The results of the SURPASS-CVOT trial showed that dual GLP-1/GIP agonist Mounjaro (tirzepatide) was as effective as Lilly's older GLP-1 drug Trulicity (dulaglutide) in reducing major adverse cardiovascular events (MACE) in adults with type 2 diabetes and established atherosclerotic cardiovascular disease.

Mounjaro – which competes in the market with Novo Nordisk's GLP-1 agonist Ozempic (semaglutide) – was 8% better than Trulicity at preventing cardiovascular death, heart attack, or stroke over five years, with consistent effects across all three MACE endpoints, while all-cause mortality was 16% lower.

Cardiovascular disease is the main cause of death and disability among people with type 2 diabetes, and adults with the disease are two to four times more likely to develop CVD than adults without diabetes.

Lilly's head of cardiometabolic health, Kenneth Custer, said the results of the study "strengthen the case for Mounjaro as a potential front-line treatment for people with type 2 diabetes and cardiovascular disease."

Shares in the company slipped slightly on the data, however, reflecting the hope that Mounjaro might actually show superior results in the study than Trulicity, which could lose patent protection from 2027.

Ozempic has been approved since 2020 by the FDA for cardiovascular risk reduction in adults with type 2 diabetes and heart disease, based mainly on the results of the SUSTAIN 6 trial, which achieved a 26% reduction in MACE compared to placebo.

Lilly said it intends to file for approval to extend the indications for Mounjaro to include cardiovascular risk reduction later this year. If approved, that would remove a competitive advantage for Novo Nordisk's drug, which has already come under pressure from data showing that Mounjaro was more effective than Ozempic at controlling blood glucose levels in the SURPASS-2 study.

Earlier this week, Novo Nordisk said it was slashing its full-year sales guidance, citing a hit on demand for its GLP-1-based therapies for diabetes and obesity in the US that it put down to the persistence of compounded versions of semaglutide in the market, as well as competitive pressures.

Detailed results for SURPASS-CVOT will be presented at the European Association for the Study of Diabetes (EASD) annual meeting in September, said Lilly.
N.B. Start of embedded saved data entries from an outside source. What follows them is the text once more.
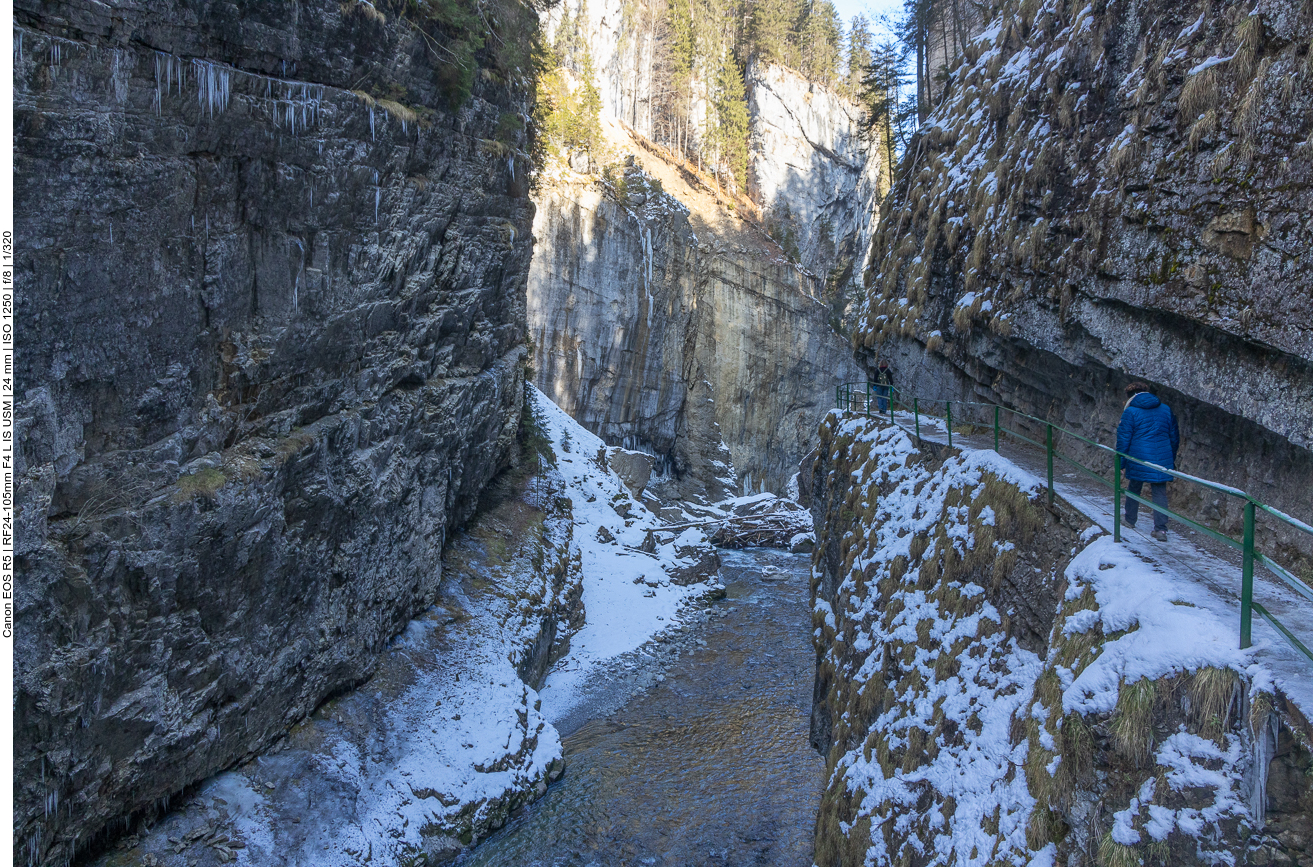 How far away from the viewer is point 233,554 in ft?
34.0

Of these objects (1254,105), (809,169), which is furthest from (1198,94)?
(809,169)

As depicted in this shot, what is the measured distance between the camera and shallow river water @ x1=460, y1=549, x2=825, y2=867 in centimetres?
1168

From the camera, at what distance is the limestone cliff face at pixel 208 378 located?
815 centimetres

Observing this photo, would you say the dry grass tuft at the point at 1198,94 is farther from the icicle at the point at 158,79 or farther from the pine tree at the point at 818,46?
the pine tree at the point at 818,46

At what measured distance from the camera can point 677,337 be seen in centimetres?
4159

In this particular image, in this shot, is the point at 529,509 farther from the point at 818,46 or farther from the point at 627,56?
the point at 818,46

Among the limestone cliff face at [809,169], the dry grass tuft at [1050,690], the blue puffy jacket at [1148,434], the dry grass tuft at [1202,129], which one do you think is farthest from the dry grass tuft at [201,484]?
the limestone cliff face at [809,169]

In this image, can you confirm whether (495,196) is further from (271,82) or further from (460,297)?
(271,82)

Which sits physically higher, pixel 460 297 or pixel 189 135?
pixel 189 135

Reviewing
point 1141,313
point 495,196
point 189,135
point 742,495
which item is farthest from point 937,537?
point 742,495

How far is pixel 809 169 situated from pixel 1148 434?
51.9m

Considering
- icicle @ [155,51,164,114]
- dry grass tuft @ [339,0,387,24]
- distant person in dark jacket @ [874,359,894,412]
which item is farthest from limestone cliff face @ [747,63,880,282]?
icicle @ [155,51,164,114]

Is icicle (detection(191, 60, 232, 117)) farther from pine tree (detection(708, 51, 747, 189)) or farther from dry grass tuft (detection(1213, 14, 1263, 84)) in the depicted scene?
pine tree (detection(708, 51, 747, 189))

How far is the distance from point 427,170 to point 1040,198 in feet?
35.1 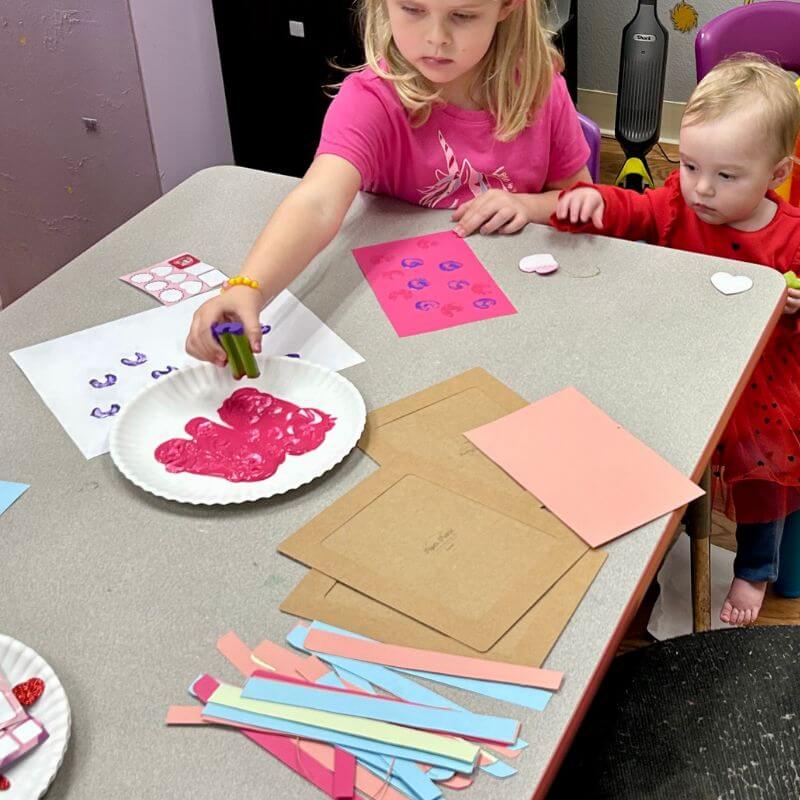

The company is also running a cardiovascular outcomes study of its higher-dose formulation of tirzepatide, Zepbound, in patients with obesity and heart disease, with results due in 2027.

Novo Nordisk already has FDA approval in that setting for its obesity therapy, Wegovy, based on the results of the SELECT trial, which showed a 15% reduction in MACE and 19% fall in all-cause mortality compared to placebo.

Zepbound is already making gains on Wegovy, however, on the back of weight-loss data from the head-to-head SURMOUNT-5 study.